Ikeda Toshihiro, Takahashi Ayuko, Matsuura Akihiro, Aono Taisei, Nakanobo Ryo, Fukui Takamasa, Yoshida Masakazu, Kobayashi Masashi
Department of General Thoracic Surgery, Kurashiki Central Hospital, Kurashiki, Japan.
Kyobu Geka. 2023 Aug;76(8):657-660.
A 72-year-old man who underwent aortic valve replacement by a minimally invasive cardiac surgery (MICS) approach two years ago was visited our hospital complaining of swelling and pain in the right anterior chest. A chest computed tomography (CT) scan showed that the right upper lobe protruded beyond the right second intercostal space and outside the thorax. He was diagnosed as a right intercostal lung hernia and underwent chest wall reconstruction with a substitute method. Postoperative course was uneventful without any evidence of recurrence.
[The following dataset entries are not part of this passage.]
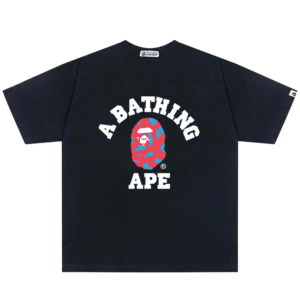 Bape t-shirt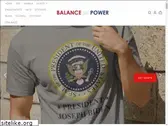 balanceofpower.com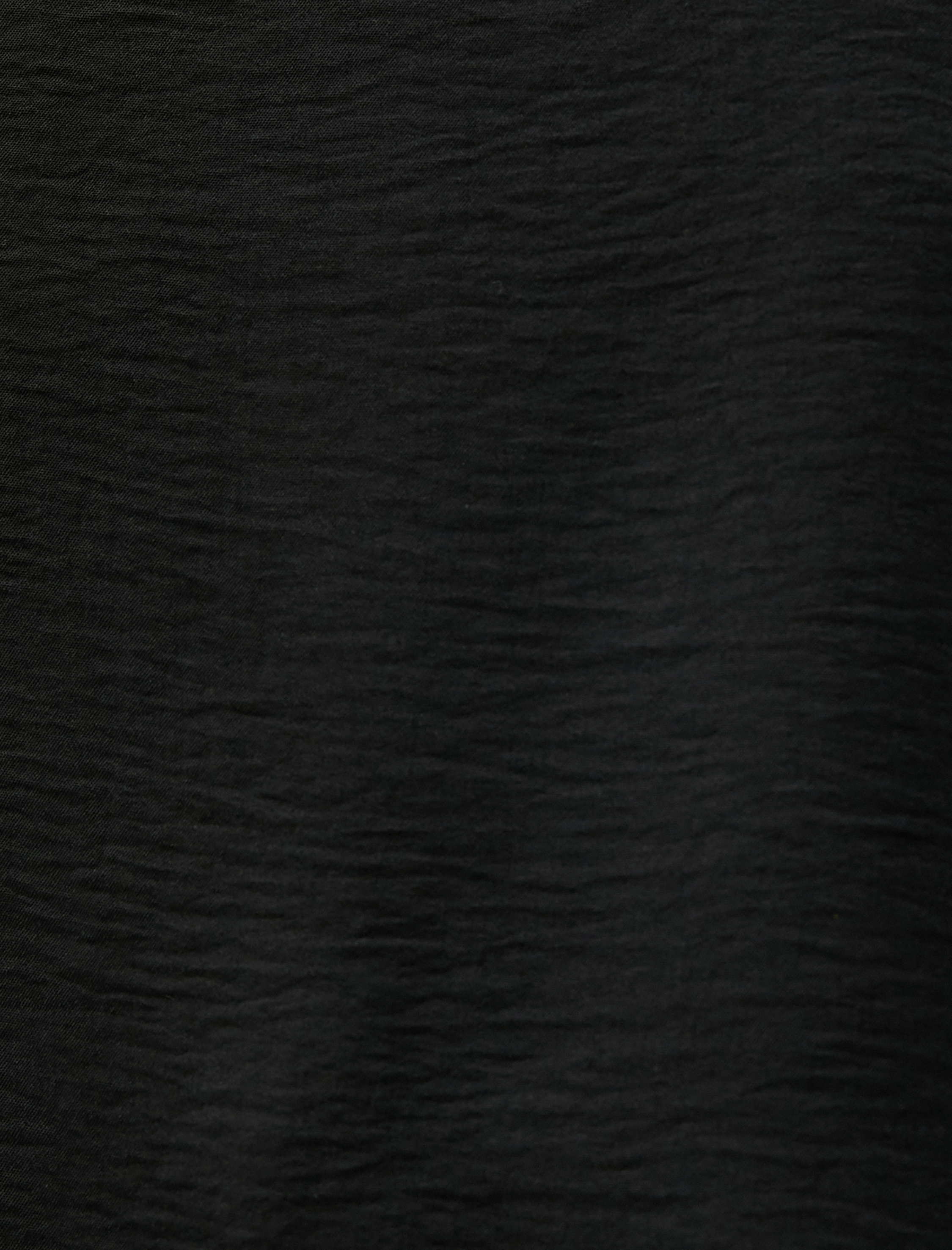   Saten Atlet V Yaka Askılı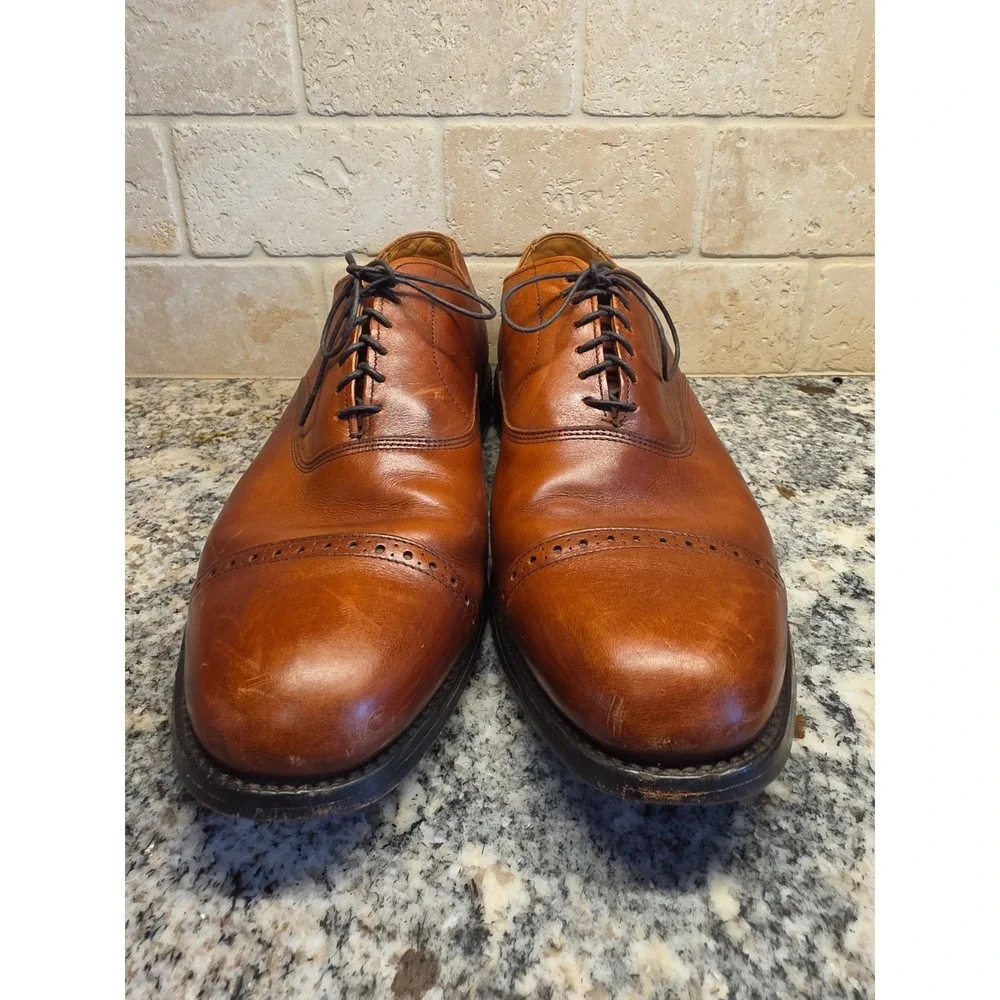 ALLEN EDMONDS 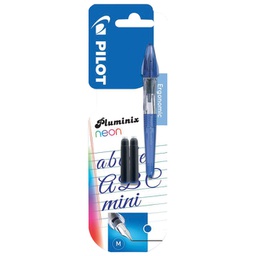 [000036766] Nalivpero Pluminix Pilot FCD-PXS sortirano blister!!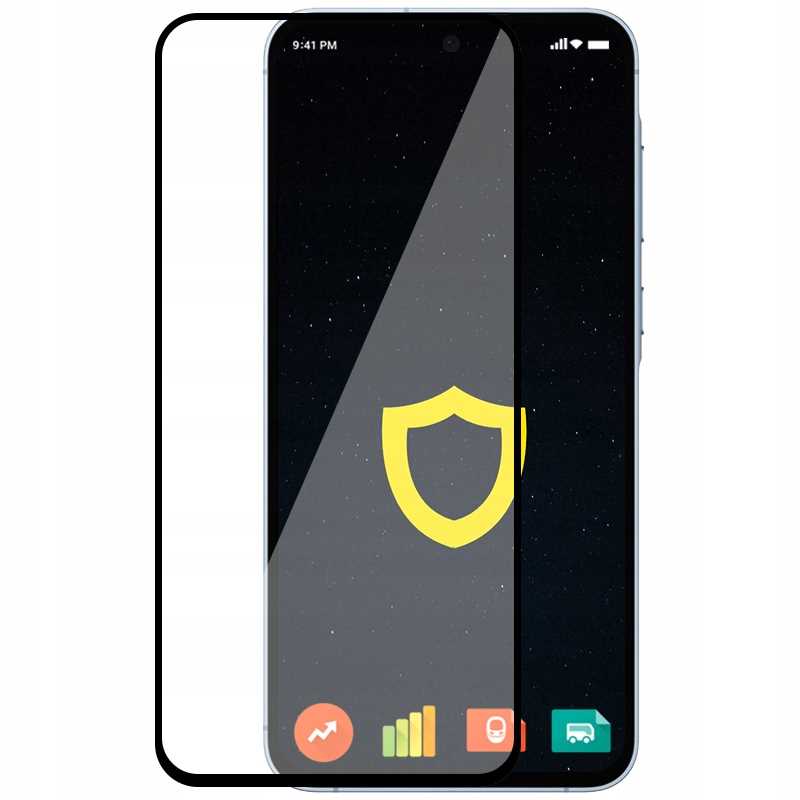 Twardość 9H – Gwarancja bezpieczeństwa ekranu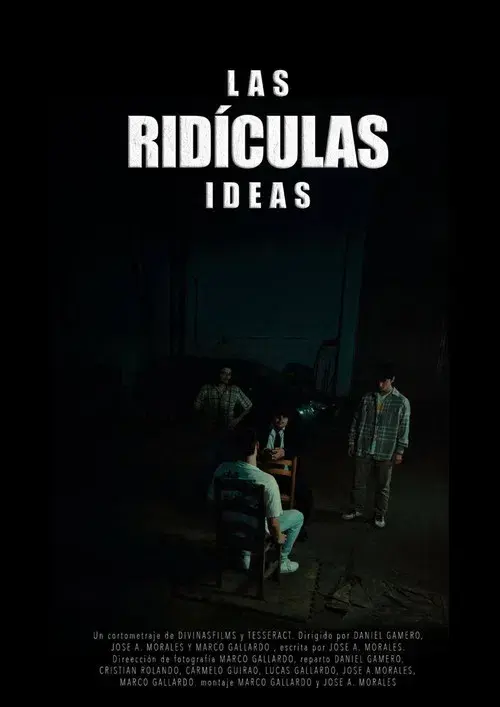 Las Ridículas Ideas
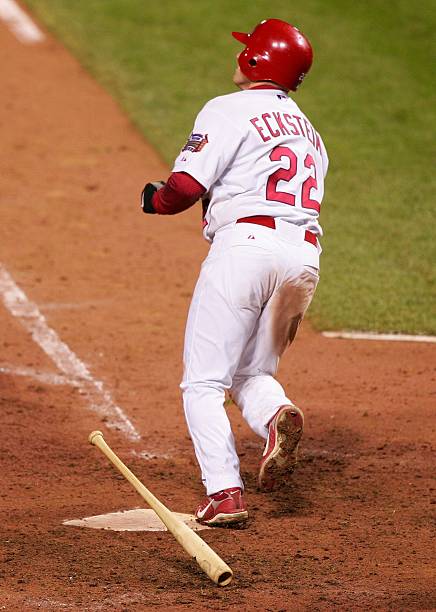David Eckstein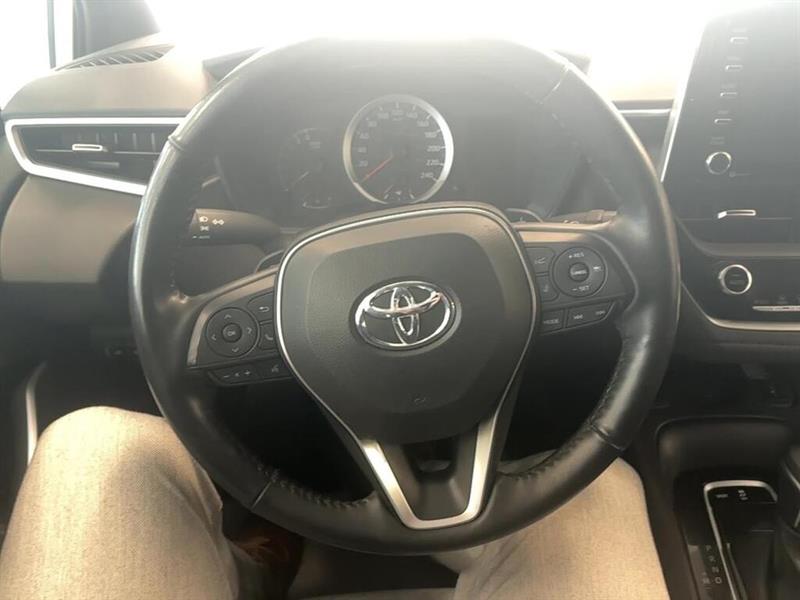 toyota Corolla 2022 - 11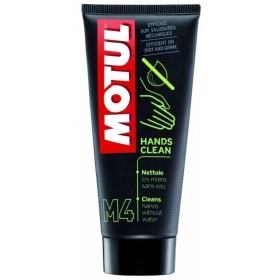 Sausa rankų pasta MOTUL HANDS CLEAN M4 - 100ML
Postoperative intercostal lung hernias in MICS may increase with the increment in MICS, and it is necessary to accumulate cases as one of the complications.
一名72岁男性,两年前接受了微创心脏手术(MICS)置换主动脉瓣,因右前胸肿胀疼痛前来我院就诊。胸部计算机断层扫描(CT)显示右上叶突出至右第二肋间间隙以外并超出胸廓。他被诊断为右肋间肺疝,并采用替代方法进行了胸壁重建。术后过程顺利,无复发迹象。MICS术后肋间肺疝可能会随着MICS手术量的增加而增多,有必要将其作为并发症之一积累病例。